Facebook battles fake news with a contextual tool

Fake news is one major headline nowadays, and Facebook is at the heart of the happenings; even as its founder, Mark Zuckerberg has vowed to protect its integrity after finding 3,000 Russia-linked ads on the social network.

While Facebook had employed several filters and enhancements in the news feed to fact-check on articles and warn readers on fake news. Now, the company has gone a step further with a new tool to help readers spot to fake news in context.

The tool provides context to any article posted on the Newsfeed, through a pop-up window showing details about the article and its publisher; with descriptions of the source of the article, details of the publisher, as well as other links.

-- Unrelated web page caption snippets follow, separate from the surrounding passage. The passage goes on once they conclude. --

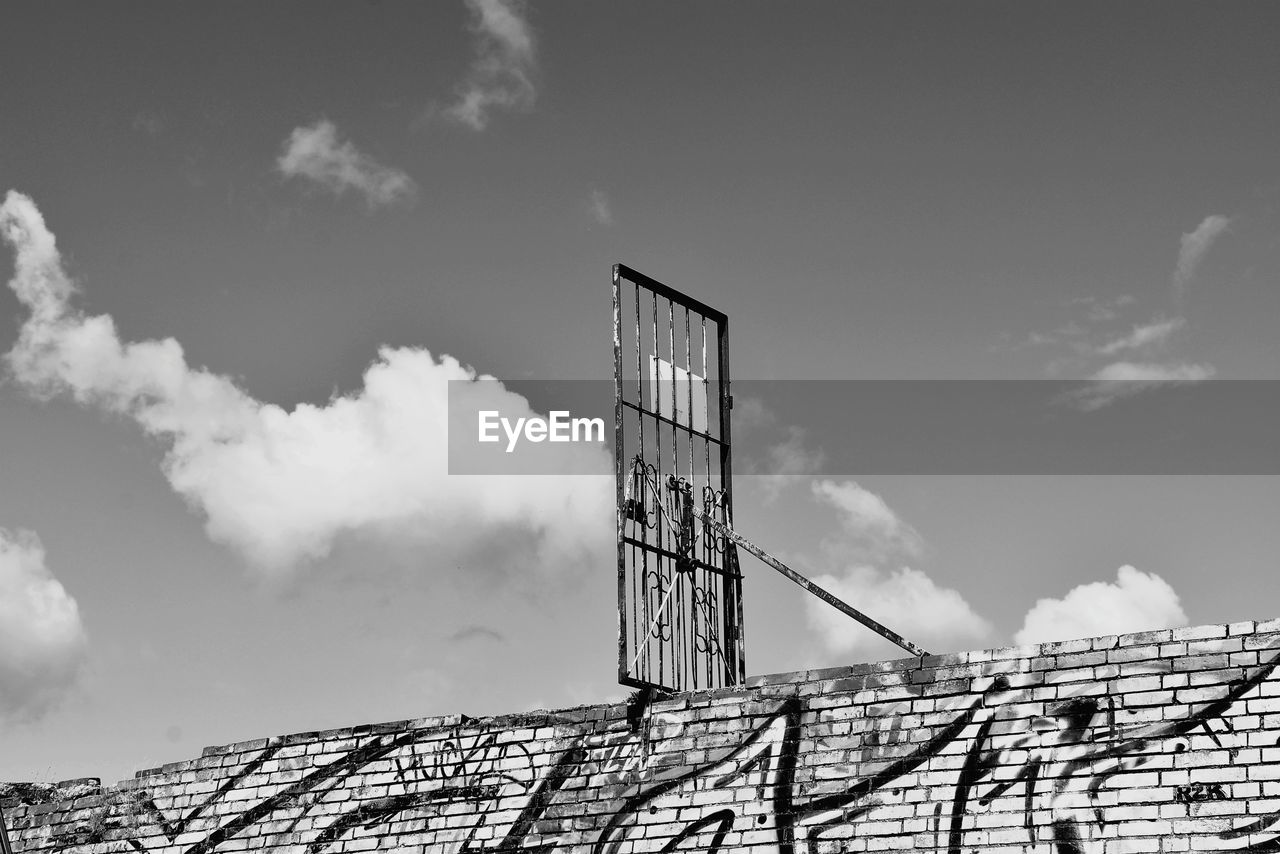 sky, black and white, cloud, monochrome, monochrome photography, white, architecture, built structure, nature, no people, building exterior, snow, day, low angle view, outdoors, black, building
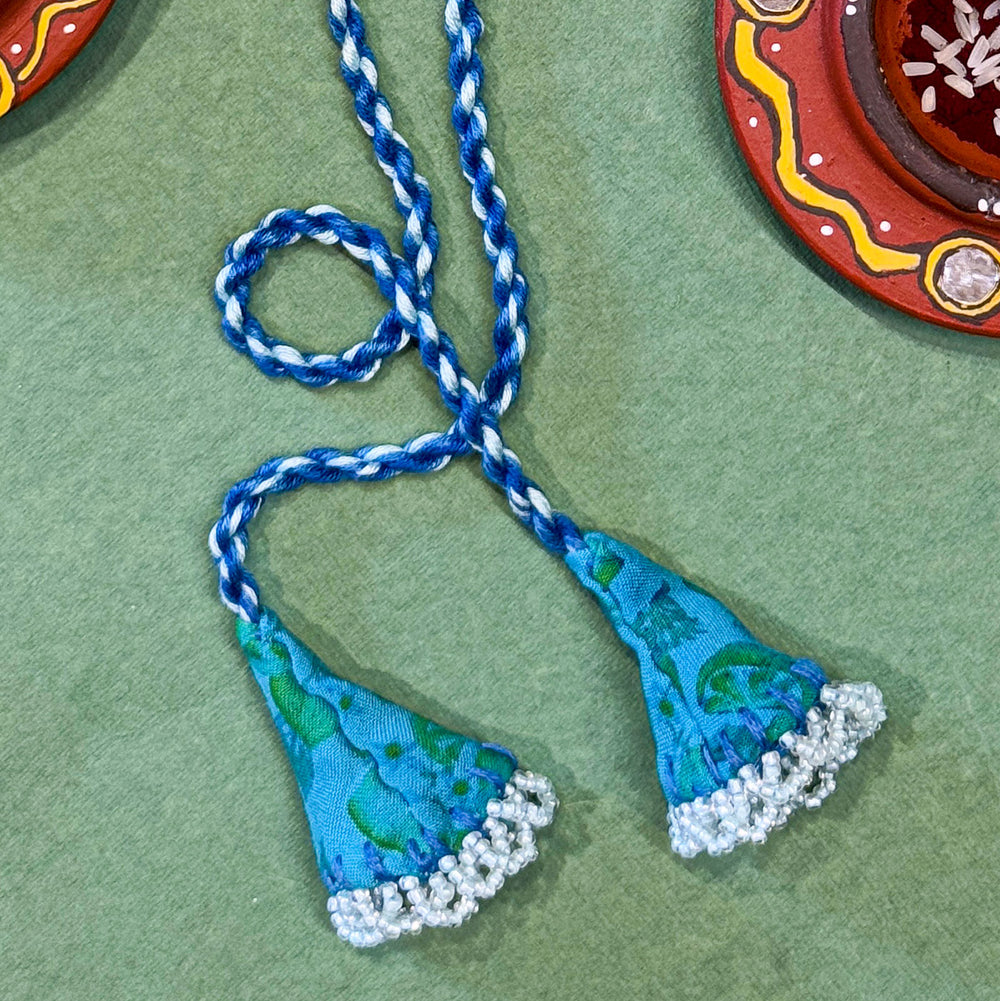 Handmade Reusable Blue Mirror And Jhumki Rakhi For Bhaiya And Bhabhi - End Detail Close-up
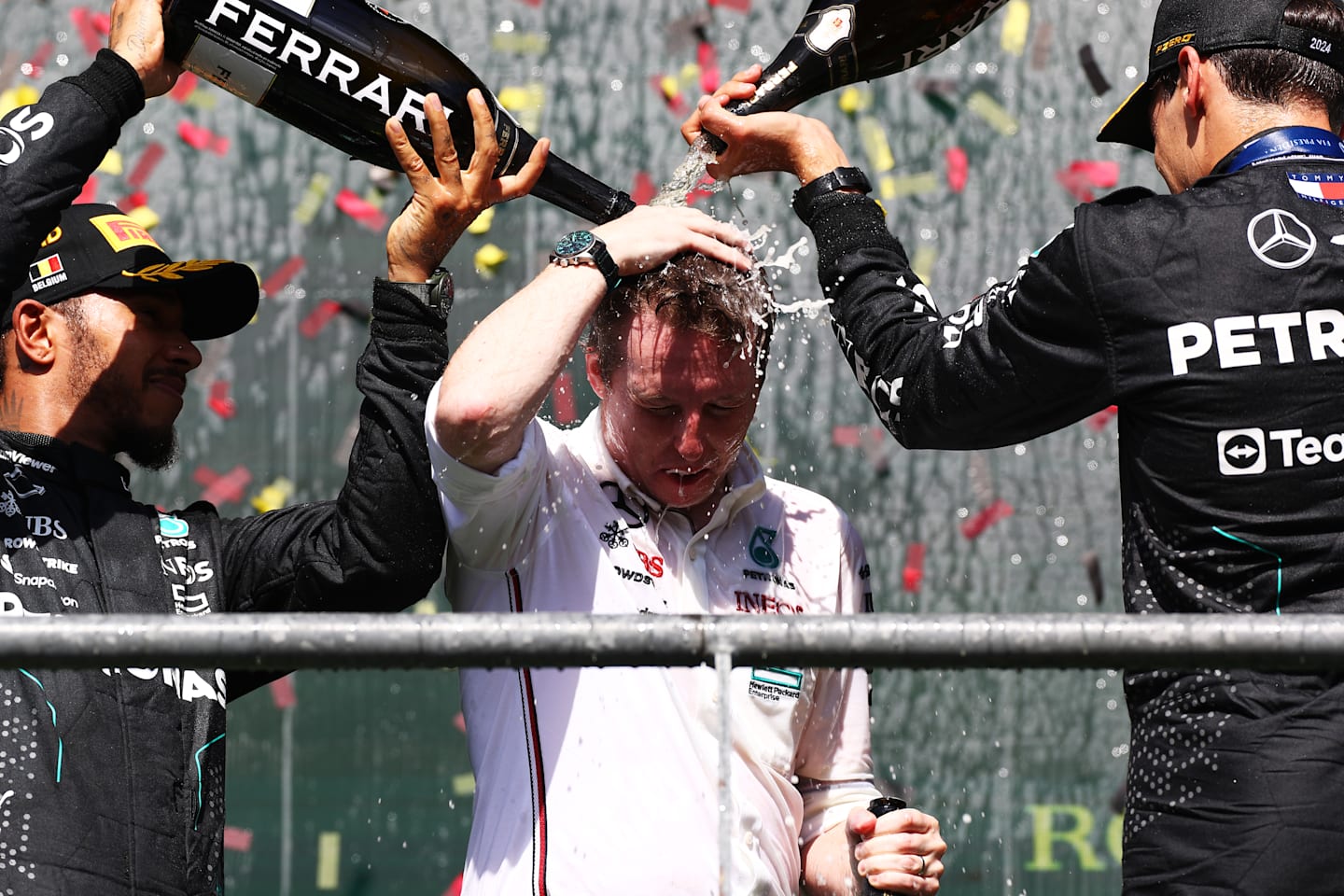 SPA, BELGIUM - JULY 28: Race winner George Russell of Great Britain and Mercedes (R), Second placed Lewis Hamilton of Great Britain and Mercedes (L) and Lead Race Stragegist of Mercedes (C) celebrate on the podium during the F1 Grand Prix of Belgium at Circuit de Spa-Francorchamps on July 28, 2024 in Spa, Belgium. (Photo by Peter Fox - Formula 1/Formula 1 via Getty Images)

Albeit, the authorship is from crowd-sourced encyclopedia, mainly Wikipedia which can be edited by anyone, including those trying to spread hoaxes.

But, nonetheless providing context will be a helpful tool to make sure users consider the source of any article been shared on the network.

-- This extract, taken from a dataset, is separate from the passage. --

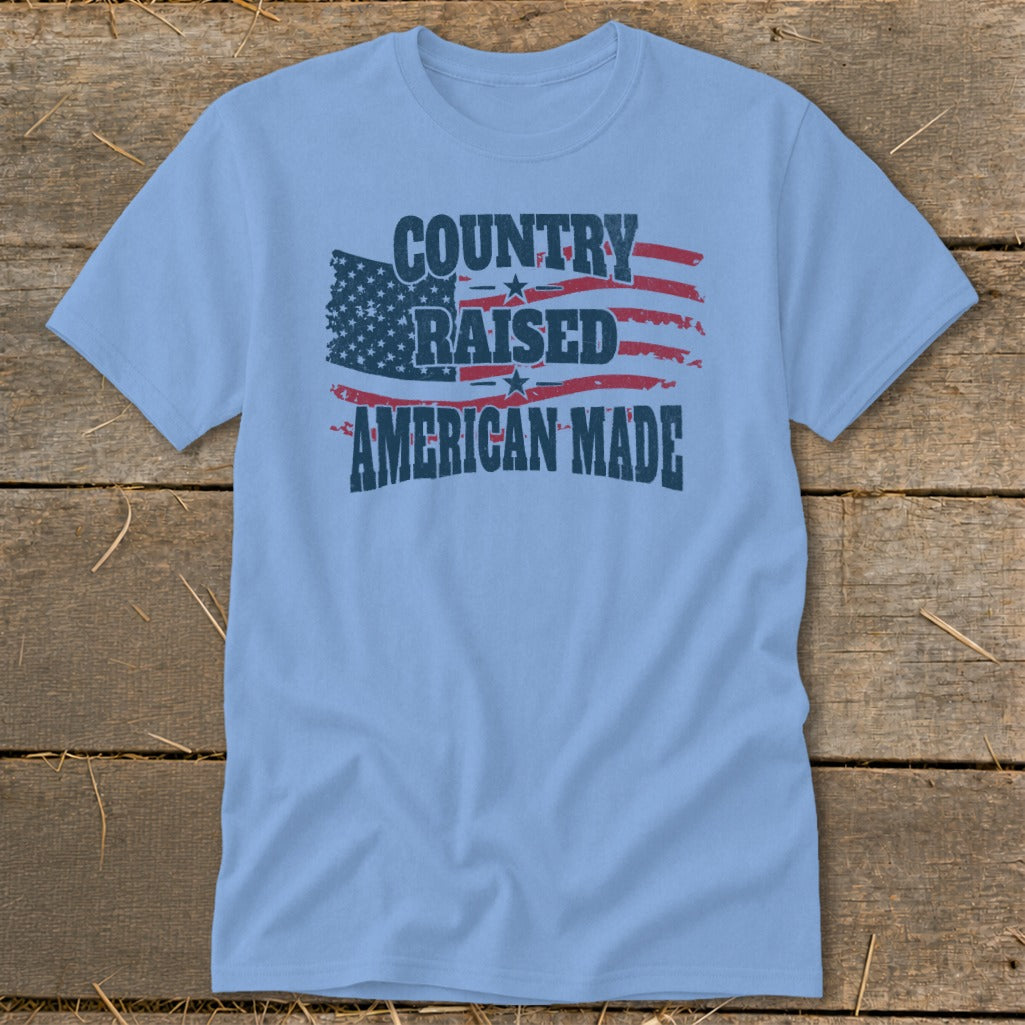 Light blue t-shirt with distressed American flag graphic and text: Country Raised American Made.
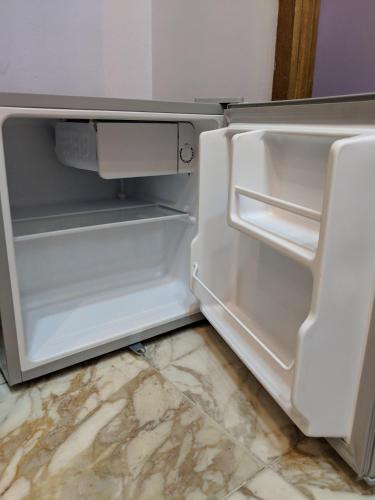 an empty refrigerator with its door open in a kitchen at Tahrir Square Hostel in Cairo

As the contextual information can help evaluate if articles are from a trustworthy publisher, and if the story is credible, which if no context is available, may suggest that it's fake-news site.

And its coming on the heels of the fake-news storm surrounding the Las Vegas mass shooting, which Facebook escalated with the top sources of the stories pointing to websites like "TheAntiMedia.org" and "MyTodayTV.com, which if the context has been available, could have afforded readers means to know that those were not trusted sources.